This was created by NIST in order to create a testing program for computer forensics tools. The main goal is to determine how well these tools perform core forensics functions such as imaging drivers and extracting information from devices. Further information can be found here.
For creating image, as mentioned earlier, I decided to use the tool called DCFLDD, and tests against this product are listed under the page 12. This says that there are some issues with this tool when there is some anomaly found in the disk. The complete accurate statement says the following:
- When a drive with faulty sectors was imaged (test case DA-09) the tool failed to completely acquire all readable sectors near the location of the faulty sectors. In test case DA-09, a source drive with faulty sectors was cloned to a target drive. Readable sectors that were near faulty sectors on the source drive were not acquired. The tool wrote zeros to the target drive in place of these sectors.

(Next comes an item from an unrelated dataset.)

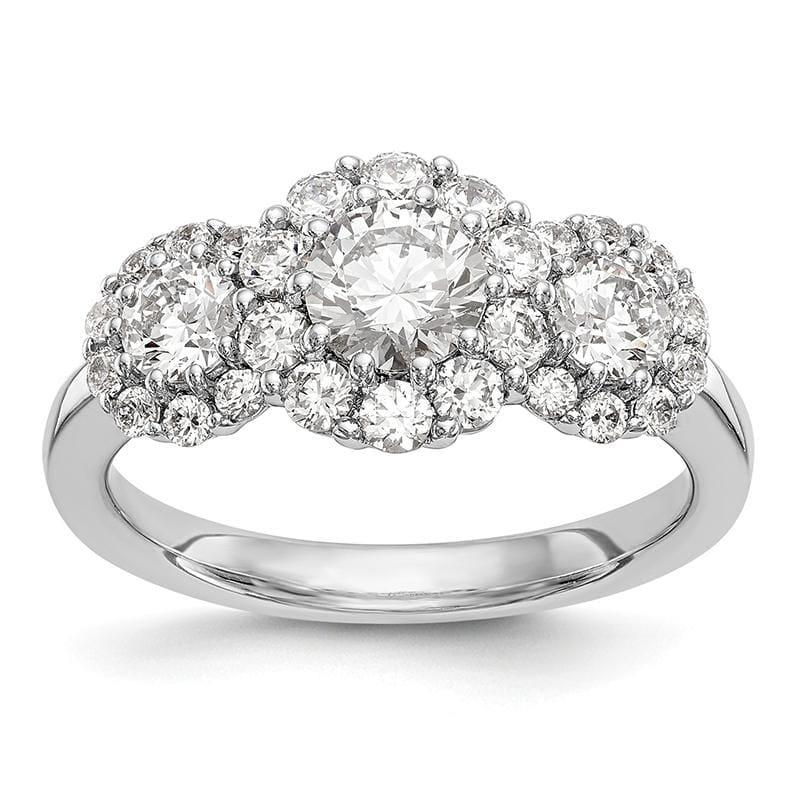 14K White Gold Semi-Mount 3-Stone Diamond Engagement Ring - Seattle Gold Grillz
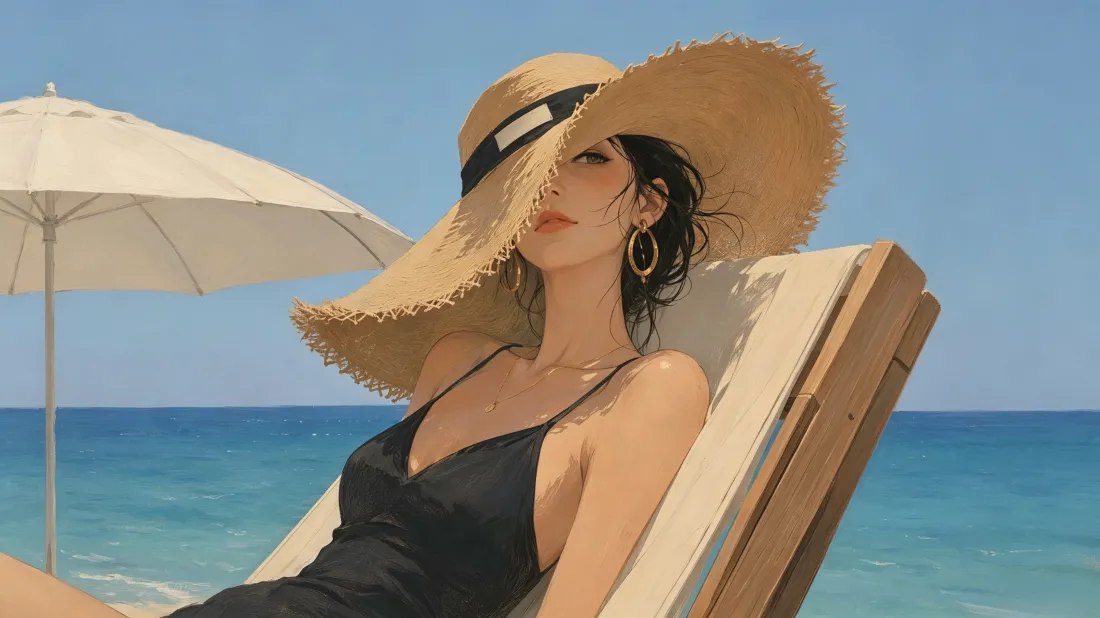 3k海边草帽美女壁纸｜海洋蓝天背景图片 - 夏日休闲插画「哲风壁纸」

- When a drive with faulty sectors was imaged (test case DA-09) the data cloned to the target drive became misaligned after faulty sectors were encountered on the source drive. For example, sector 6,160,448 on the target drive cont ained the contents of sector 6,160,392 from the source, sector 6,160,449 on the target contained the contents of source sector 6,160,393, and so on. The size of the offset or misalignment between the data on the source and target drives grew as more faulty sectors were encountered on the source.
For the deleted file recovery, I decided to use The Sleuth Kit (TSK) / Autopsy. The report for this product is listed under page 216, and it says that under certain circumstances, the information cannot be recovered successfully from the image. The causes for this might be:
- The data are no longer present in the image, e.g., overwritten.
- Sufficient meta-data to locate the data is not present or reachable.
- The algorithm implemented by the tool does not use the meta-data that locates the missing data.
- The implementation of the tool algorithm is incorrect.
Report is also no longer available on the cyberfetch.org website.